Turning to Counts IV and V, alleging breach of contract, the Court is convinced from the evidence that the Defendants named in these counts were clearly transacting business in Virginia. A single business transaction can be sufficient to permit the exercise of jurisdiction under the Virginia long-arm statute. Associate Financial Services v. McPeek, 222 Va. 176, 179, 278 S.E.2d 847 (1981). The Defendants traveled to Virginia, attended a meeting with iDefense, and executed an agreement laying out the manner in which DTG would acquire a majority interest in iDefense-UK. Because the HOA was subject to board approval, Defendants argued that there was no binding contract, as the HOA was merely an agreement to agree. For jurisdictional purposes, however, the question is not whether a valid contract was executed in Virginia, but rather whether a general business transaction occurred. Regardless of whether the HOA was an agreement to agree or an enforceable contract, the Court nevertheless finds that it constituted a business transaction in Virginia. The making of a contract in Virginia, even if it is to be *143substantially performed outside of Virginia, is sufficient to constitute the transaction of business. I. T. Sales v. Dry, 222 Va. 6, 8 (1981). Therefore, the Court finds personal jurisdiction to be proper over the Defendants named in Counts IV and V pursuant to § 8.01-328.1(A)(1) (permitting the exercise of personal jurisdiction over a person where the cause of action arises from transacting any business in the Commonwealth).

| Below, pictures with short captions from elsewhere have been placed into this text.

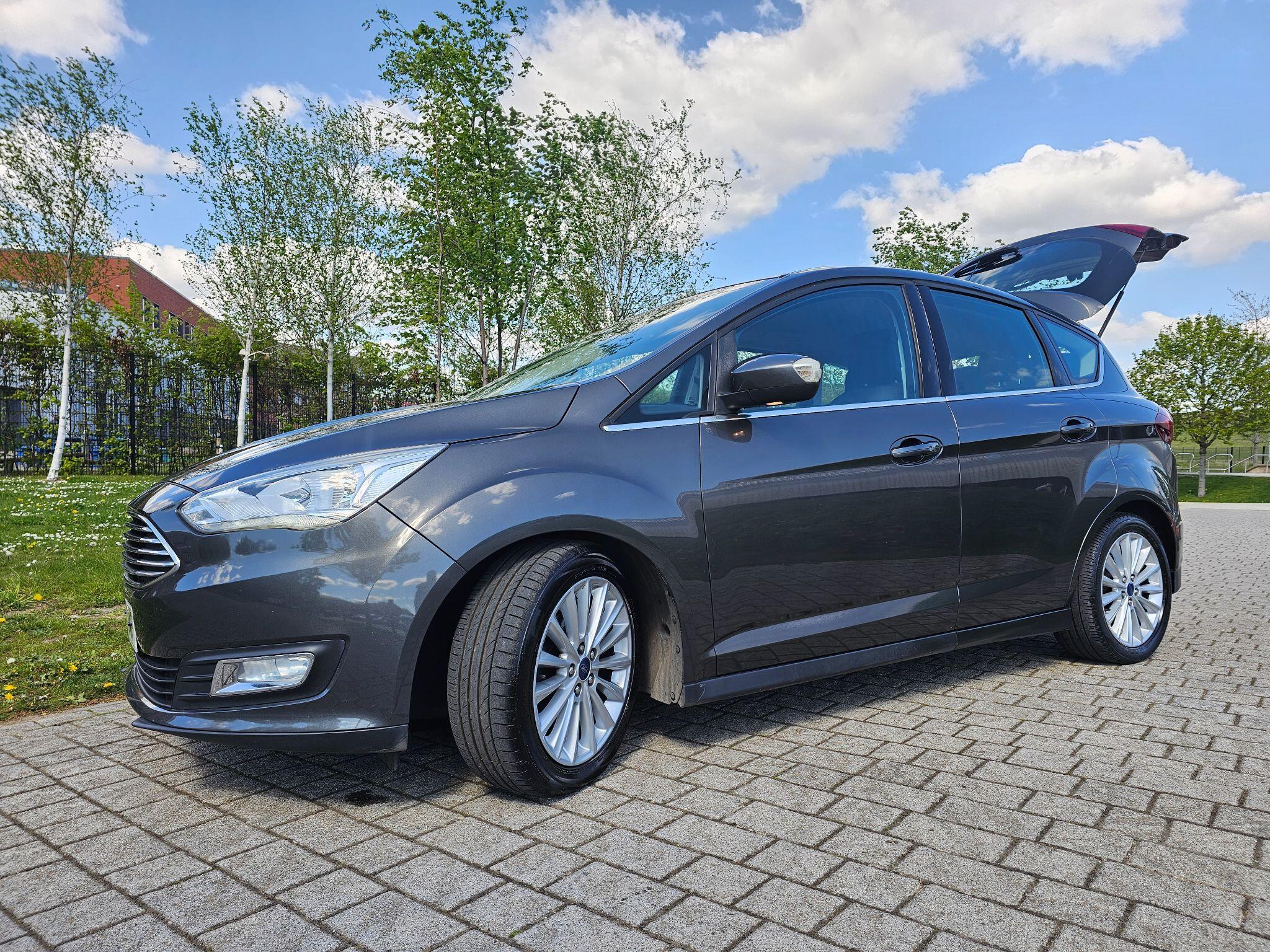 Ford C-MAX - Image 14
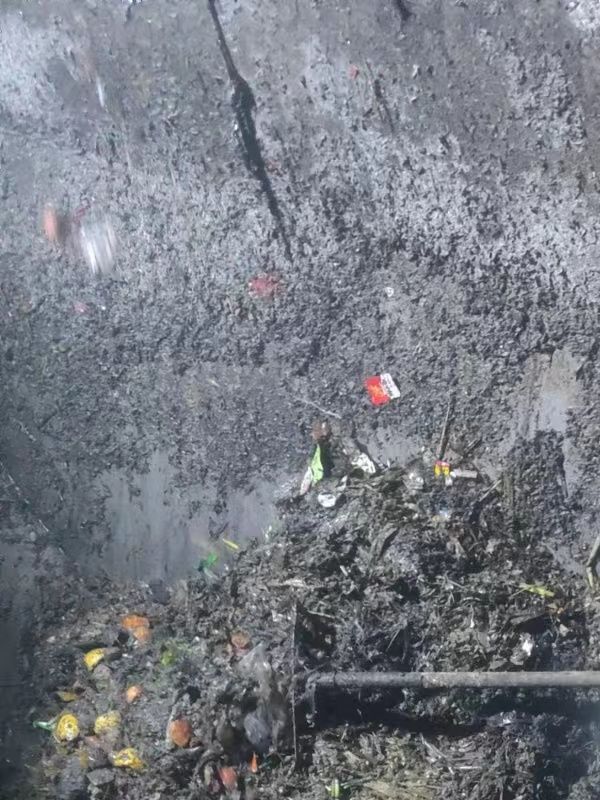 南头镇污水池清理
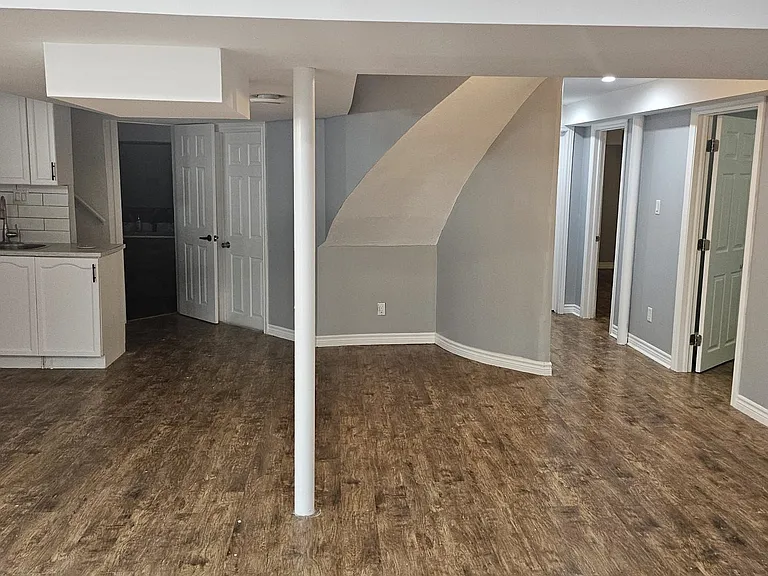 72 Willowbrook Dr #BASEMENT — Photo 4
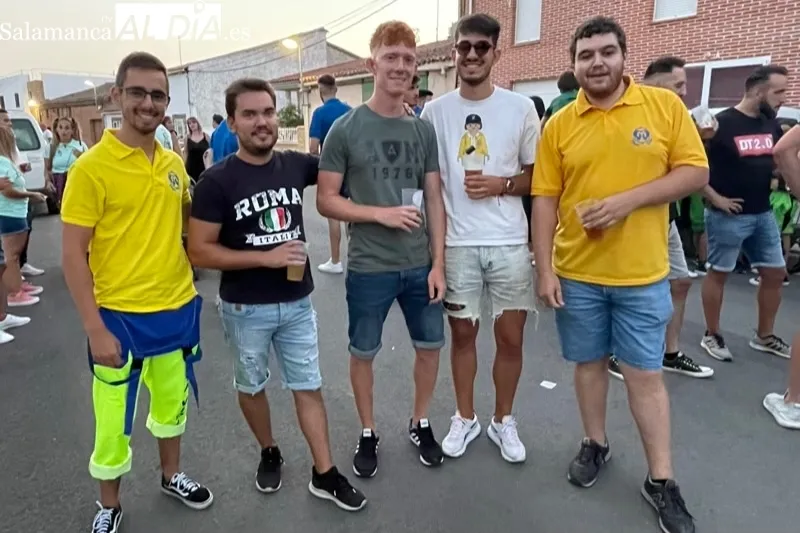 Las peñas recorrían las calles de Babilafuente para dar la bienvenida a las fiestas patronales 2022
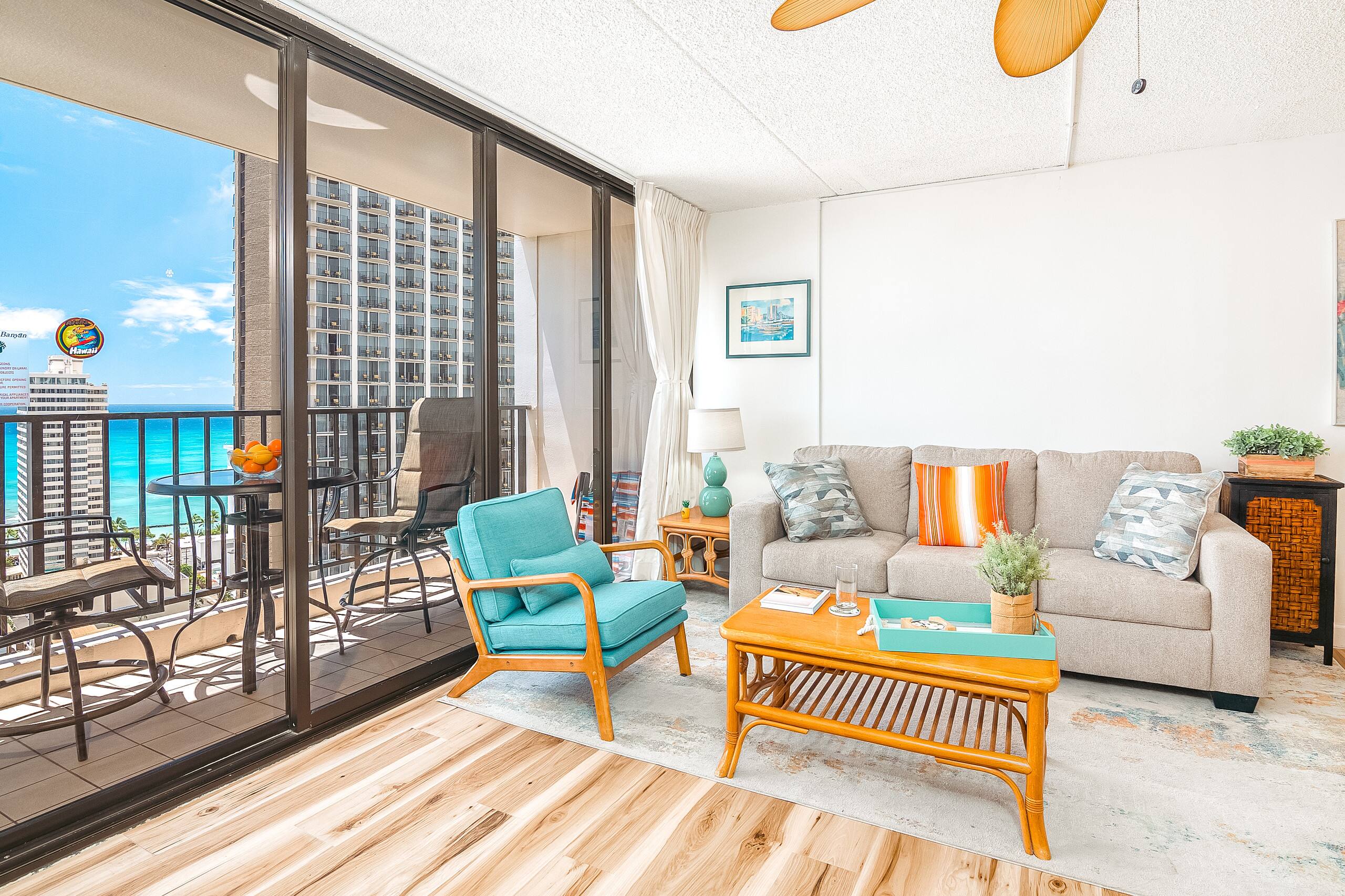 Condo in Honolulu · ★4.82 · 1 bedroom · 2 beds · 1 private bath - Image 2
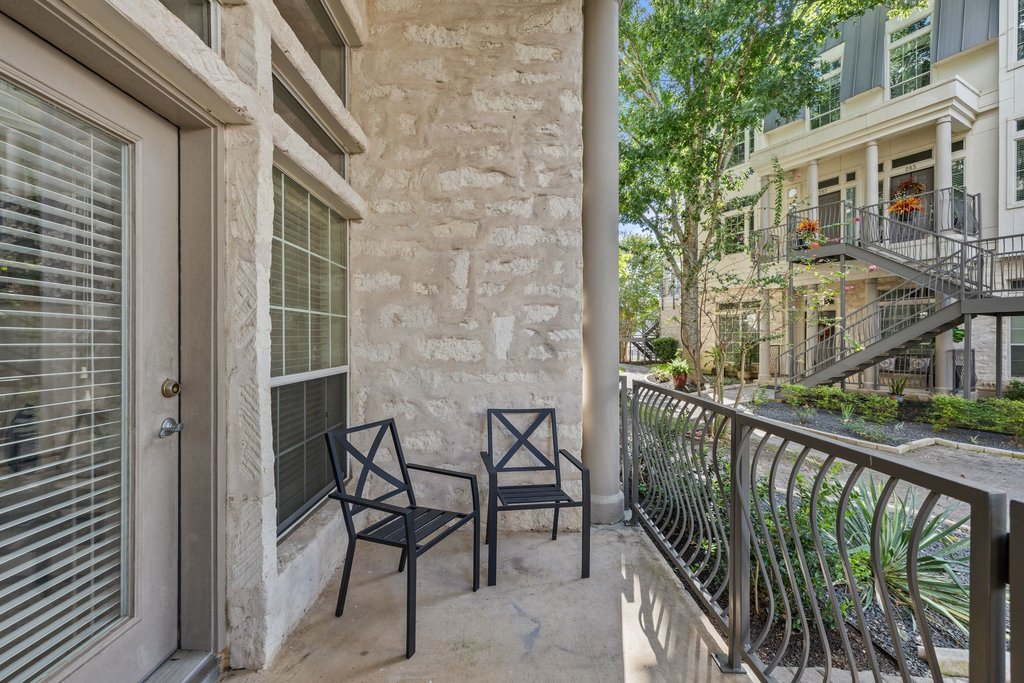 2918 Ranch Road 620 North, Unit 268 Austin, TX 78734 - Photo 27 of 40 Covered back patio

The Court further finds that the constitutional standard for asserting personal jurisdiction over the Defendants in this case has also been satisfied. The first facet of the Due Process analysis appears undisputed, as none of the Defendants argued a defect in notice. In assessing whether the minimum contacts required to fulfill the fairness test exist, the Court must examine the individual facts of each case. Glumina Bank v. D. C. Diamond Corp., 259 Va. 312, 317 (2000). The Defendants in this case, all British citizens, traveled to the United States to attend a business meeting with a Virginia company to discuss a deal that would have resulted in a $1.5 million investment in the Commonwealth. The meeting was followed by several communications into Virginia in furtherance of the negotiations. For constitutional purposes, this amply satisfies the minimum contacts test.
Moreover, the Commonwealth has an interest in providing its citizens with a forum in which to litigate disputes arising from business ventures and in safeguarding its business community against fraud and other illegal practices.
The Court finds that it is not unduly burdensome for the Defendants to litigate this case in Fairfax County, Virginia. It was an unfortunate risk the Defendants assumed when they made a conscious choice to transact business in the Commonwealth.
Accordingly, Defendants’ Plea is denied.